La période épistolaire
Dix-huit, vingt ans, s’installe une correspondance avec un ami. Des échanges profonds, des états d’âme, le sens de la vie, la quête de l’amour, la fuite ou la recherche de la mort. Des échanges posés sur les bancs de la fac ou dans la solitude de mon appartement d’étudiante. Il y a eu à cette période des mots, des échanges qui m’ont fait grandir, des mots forts échappés avec un sens qui revient en boomerang. La force des mots comme on ne s’y attend pas.
L’exutoire
L’écriture m’a donné cet espace où il est possible de tout dire, ce que personne ne lira. Faire le vide, se délester, crier sans faire de bruit. J’aurais pu exploser sans un stylo et de quoi écrire. Ce pouvoir magique m’a libéré de tant d’angoisses, de peurs, de colères, grâce à lui, j’ai pu les mettre à distance, les voir de plus haut. Toujours un carnet pas loin, et des stylos partout.

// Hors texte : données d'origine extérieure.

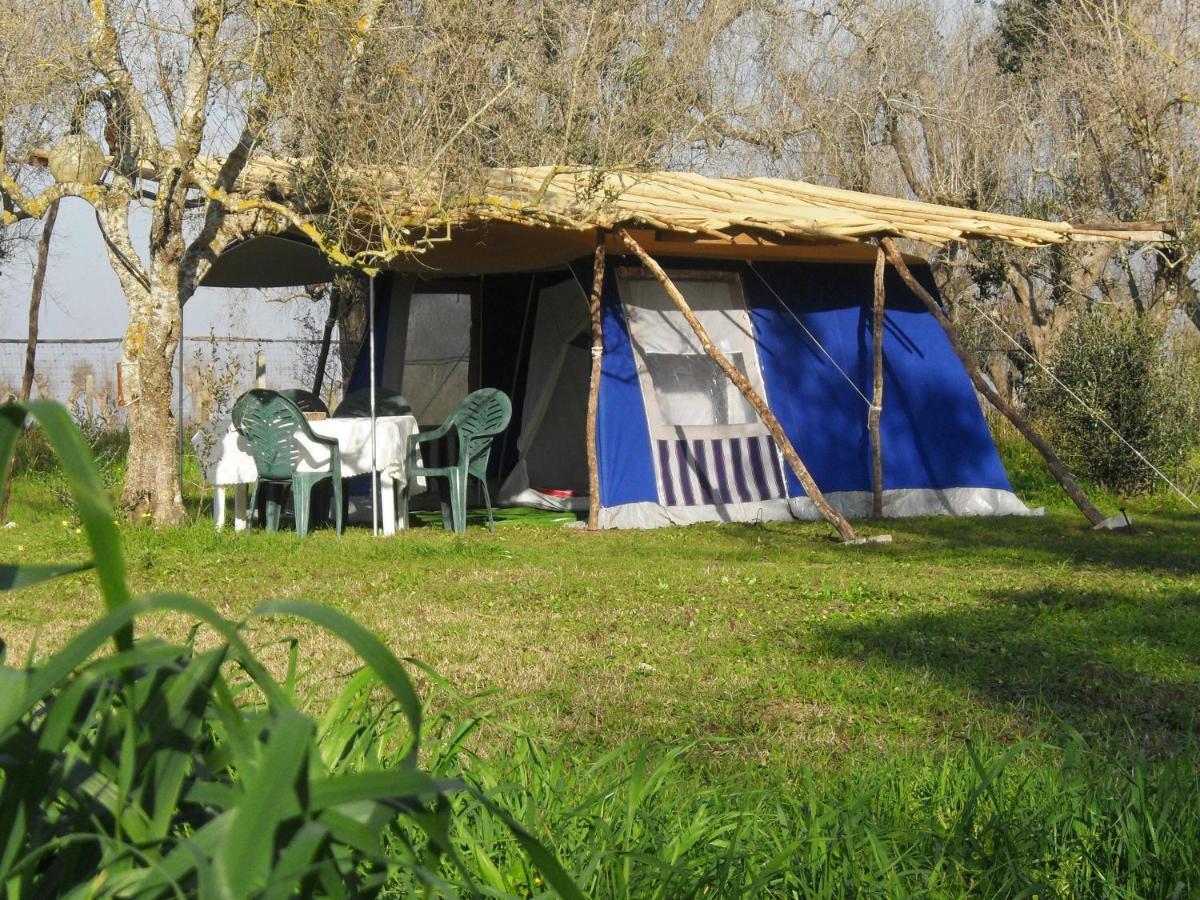 库特罗菲安诺 Camping Terreno-Ro-Bi-Li酒店 外观 照片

Écrire pour se (re)connaitre et voir la vie d’une autre couleur
Ici, c’est l’écriture de soi, de ses souvenirs, de ses envies, de ses projets. Une écriture surprise où l’on croit ne rien avoir à dire et où l’on dit tellement. Ce sont des consignes, des exercices pour faire de l’écriture un outil de bien-être, un outil parfois thérapeutique (mais il l’est, en fait, depuis ce premier poème). Ce sont mes 5 minutes rituelles le matin, tout ce qui vient, je l’écris. C’est le soir, ce jeu de poursuite avec un mot, le dernier de l’écrit de la veille devient le thème de l’écrit du jour, comme une variante de logorallye. Et pour finir, la gratitude, la liste d’au moins 3 moments de la journée pour lesquels j’ai de la reconnaissance. M’endormir avec l’image de ces moments, en couleur.
Ne rien jeter
Des feuilles volantes, des post-it, des carnets, des notes électroniques, partout j’ai laissé et je laisse une trace de moi, une partie de moi. Des mots précieux, des talismans, que je ne peux jeter, brûler ou déchirer, alors qu’un jour, je ne serai plus là pour les protéger. Et leur destin est peut-être celui-là, se retrouver dans les mains de ceux qui videront les placards et les cartons un jour.